[Stored data entries]
────────────────

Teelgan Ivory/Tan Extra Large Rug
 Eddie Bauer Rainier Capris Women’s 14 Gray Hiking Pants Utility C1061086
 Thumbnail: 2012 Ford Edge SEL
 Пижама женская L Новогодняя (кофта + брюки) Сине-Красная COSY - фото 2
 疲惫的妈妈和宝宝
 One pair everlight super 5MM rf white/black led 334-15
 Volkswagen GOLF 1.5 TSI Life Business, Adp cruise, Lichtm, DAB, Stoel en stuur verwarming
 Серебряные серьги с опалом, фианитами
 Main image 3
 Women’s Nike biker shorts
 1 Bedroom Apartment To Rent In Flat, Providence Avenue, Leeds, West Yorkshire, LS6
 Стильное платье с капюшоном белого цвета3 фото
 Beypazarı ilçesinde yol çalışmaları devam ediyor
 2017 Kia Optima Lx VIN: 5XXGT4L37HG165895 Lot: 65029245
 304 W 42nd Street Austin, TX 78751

────────────────

About this exercise
Reproduce the line that contains "One pair everlight" and each line after it through the last line of the entries above, exactly; leave out all earlier lines.

Result of this exercise
 One pair everlight super 5MM rf white/black led 334-15
 Volkswagen GOLF 1.5 TSI Life Business, Adp cruise, Lichtm, DAB, Stoel en stuur verwarming
 Серебряные серьги с опалом, фианитами
 Main image 3
 Women’s Nike biker shorts
 1 Bedroom Apartment To Rent In Flat, Providence Avenue, Leeds, West Yorkshire, LS6
 Стильное платье с капюшоном белого цвета3 фото
 Beypazarı ilçesinde yol çalışmaları devam ediyor
 2017 Kia Optima Lx VIN: 5XXGT4L37HG165895 Lot: 65029245
 304 W 42nd Street Austin, TX 78751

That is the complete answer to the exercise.